Dire che a Kabul ci sia un luogo di perdizione, sembra una battuta, anche di cattivo gusto. Tanto è drammatica la vita in ogni angolo di quella capitale. Eppure il ponte di Pul-e Sukhta da tempo è diventato un luogo sempre più frequentato. Da un’umanità dannata – oltre che dalla guerra e dall’occupazione occidentale che prosegue anche coi nostri nuclei di bravi alpini e parà – e consumata dalla tossicodipendenza. Che è in crescita, anno dopo anno. Stime degli organismi internazionali impegnati a studiare il fenomeno (Unodoc) pongono l’Afghanistan in testa alla produzione dell’oppio, alla sua lavorazione e diffusione. Tutto ciò avviene con la splendida collaborazione fra trafficanti locali e occidentali, clan politici: la storia della famiglia Karzai e della sanguinaria fine di uno dei fratelli dell’ex presidente sono note, ma per vari parlamentari la festa continua, il più recente caso della chiacchierata Fawzia Koofi lo dimostra. Coinvolti gli stessi militari e graduati della Nato come fu scoperto anni addietro nella base della Royal Air Force. La situazione, già drammatica nel 2010, diventa sempre più inquietante ora che vengono alla luce documenti del pur disastrato ministero della Salute afghano.

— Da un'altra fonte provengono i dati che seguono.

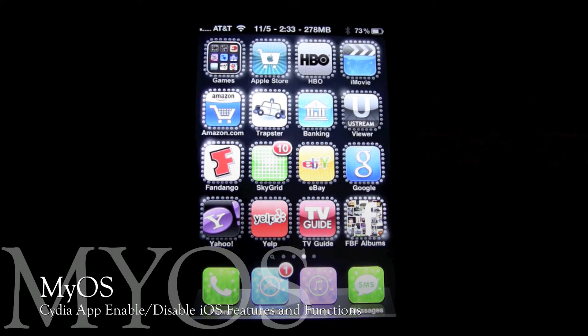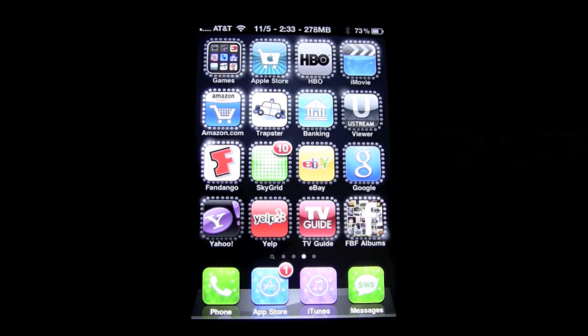Hey guys, what's going on? It's October EMP. Today I'm going to be showing you another Cydia app — it's called MyOS, and what it allows you to do is enable and disable the different features from iOS for different phones.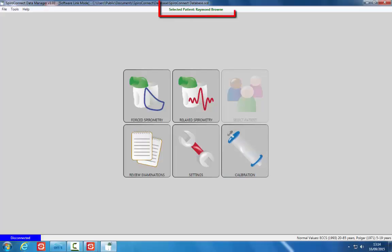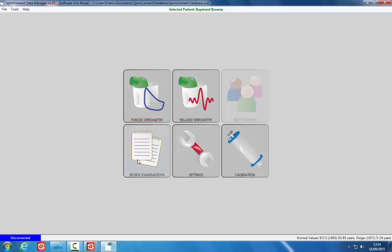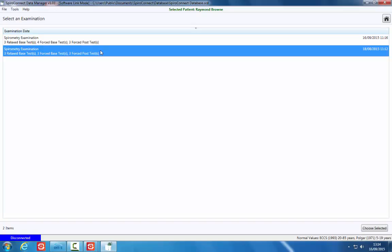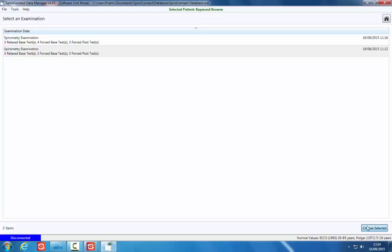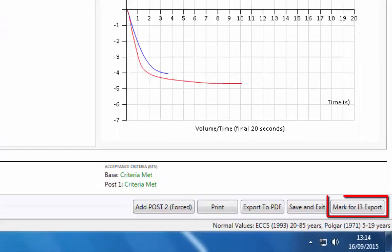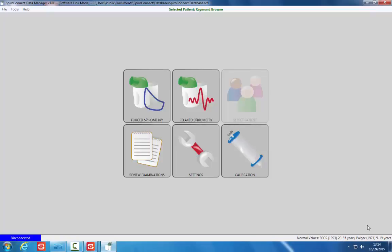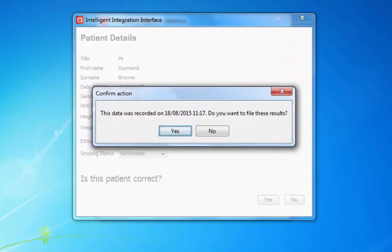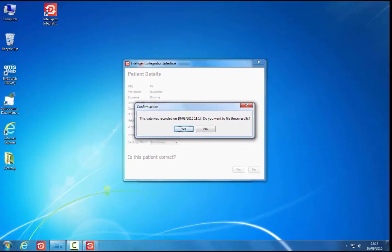The SpiroConnect software will start with the patient's details loaded. Click the Review Examinations button — a list of examinations for the selected patient will be shown. Click on the examination to be exported and filed, then click the Choose Selected button. The spirometry examination will be displayed and can be reviewed on screen. To export and file to the clinical system, click the Mark for i3 Export button. This will return the software to the home screen. Exit the SpiroConnect software. A warning will be displayed that the results are historic, showing the date and time the examination was performed. Confirm these are the results you would like to file by clicking Yes.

Impossibilitato a celare angosciosi dati sulla diffusione dell’Hiv e di altre infezioni a diffusione rapida come l’epatite. Si cerca di assistere e curare la crescente massa di persone infette in una struttura organizzata alla meglio nell’ex base militare statunitense di Camp Phoenix, differentemente da altre abbandonata dalle truppe e riconvertita in luogo di riabilitazione. L’impresa è immensa. I mezzi messi a disposizione dal governo Ghani, che pure blatera per il sostegno della salute e dell’istruzione, sono scarsi. Sul versante organizzativo un po’ sopperiscono la disperazione e la necessità, ma ciò non toglie che farmaci e fondi servono. La comunità internazionale, regina di chiacchiere e promesse oltreché di falsi progetti di democratizzazione della società, è sempre più orfana di idee; assiste e in vari casi accetta la collaborazione fra i clan dei politici corrotti e i ras locali che minacciano, proteggono o attaccano la popolazione, secondo i vantaggi conseguiti. Visti gli inconsistenti risultati dell’uso della forza, il flop del vestitino democratico cucito su misura alla diarchia del compromesso Ghani-Abdullah che ha evitato solo il proprio scontro fra fazioni.

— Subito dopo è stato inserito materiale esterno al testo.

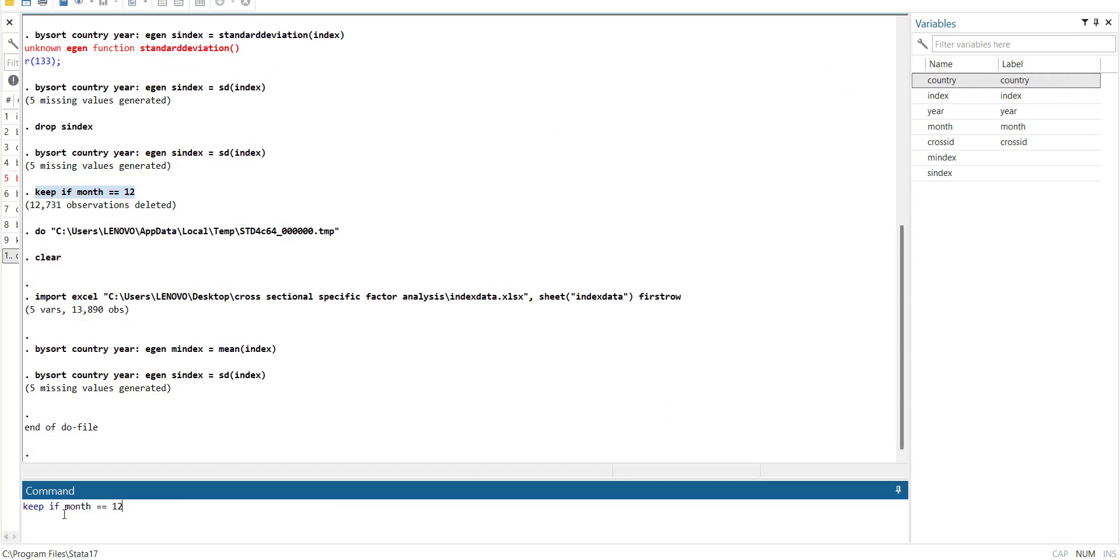So for that what I will do is I will use this command: keep if month equal to 12. So every December I will keep it and remove all the months, because the data of mean and standardization is same for all the months. So what will happen is I have selected last month because the first year if it is not complete here I will make sure the data is there, and then for the last I have complete year so it will work.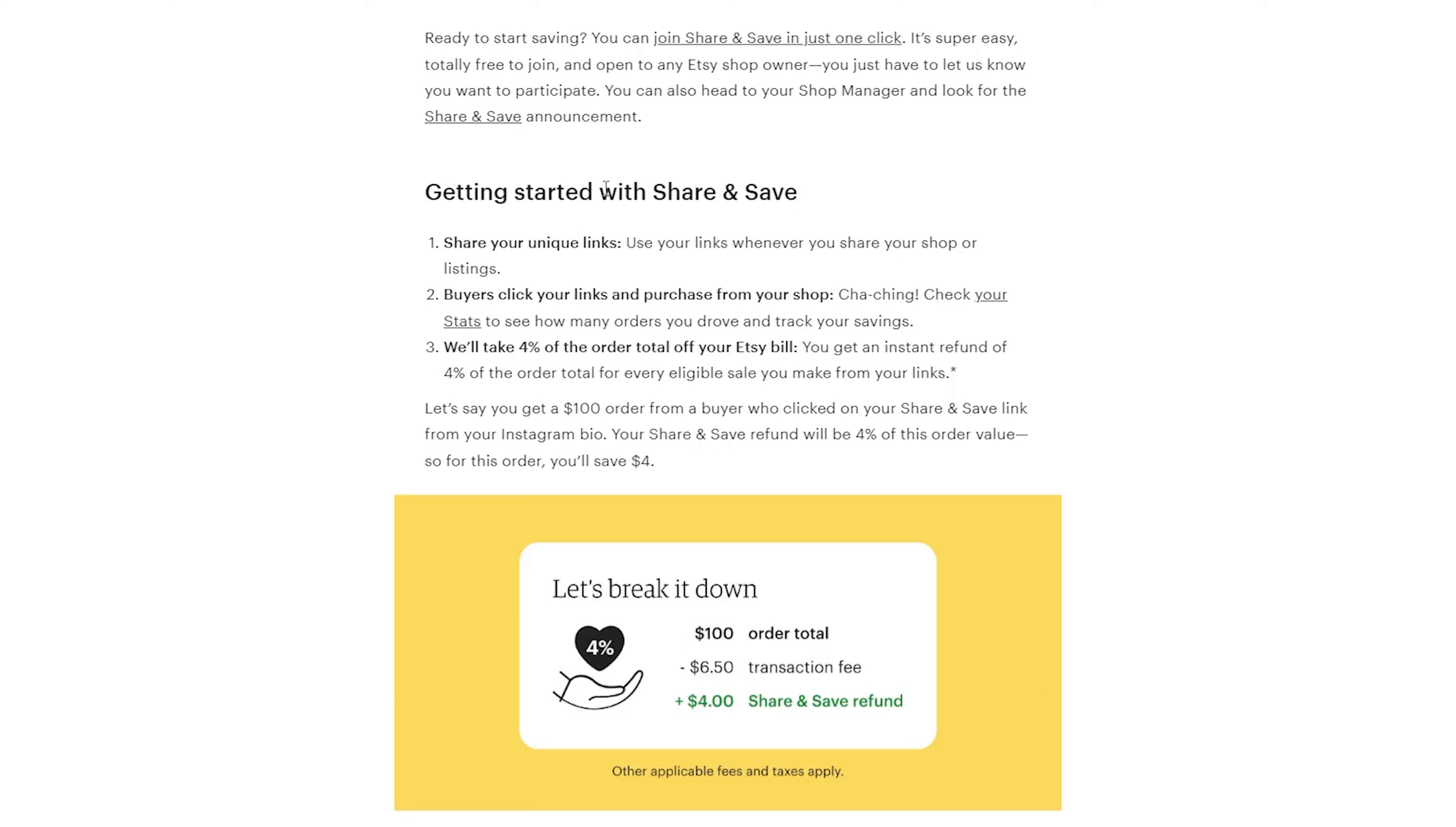You join the Share and Save program through your Etsy shop manager. It is completely free and optional to join. Then, Etsy provides you with special links for your shop or your specific listings. Next,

Però controlla a malapena pezzi d’una decina di province su trentaquattro, si riparla di accordo coi Taliban. A esso puntano Stati Uniti, Cina, Pakistan e governo di Kabul, riuniti di recente nell’ennesimo summit, che hanno invitato lo staff del mullah Mansour a un tavolo di trattative per discorrere di pace e transizione governativa. Anche i turbanti neri non puntano al conflitto eterno; certo una loro fazione cavalca la ‘guerra santa’ in sintonia con Al-Baghdadi ma i più pragmatici pensano ad affari e potere. Questi hanno fatto rima con eroina, che non sparirà certo dietro un accordo fra le parti. Come già avvenuto in altre occasioni il patto, se verrà, stimerà le proporzioni degli affari. Ai cinesi il sottosuolo, ma anche le aziende americane non vogliono privarsi dei derivati delle ‘terre rare’; la Nato, dunque, il Pentagono, continuerà a controllare lo spazio aereo. Ai talebani interni può restare la giurisdizione dei territori che, peraltro, vanno conquistandosi da mesi armi alla mano, al governo fantoccio la sceneggiata della rappresentanza internazionale. A piangere e morire restano milioni di afghani, ridotti all’impotenza dal cinismo politico e dall’eroina.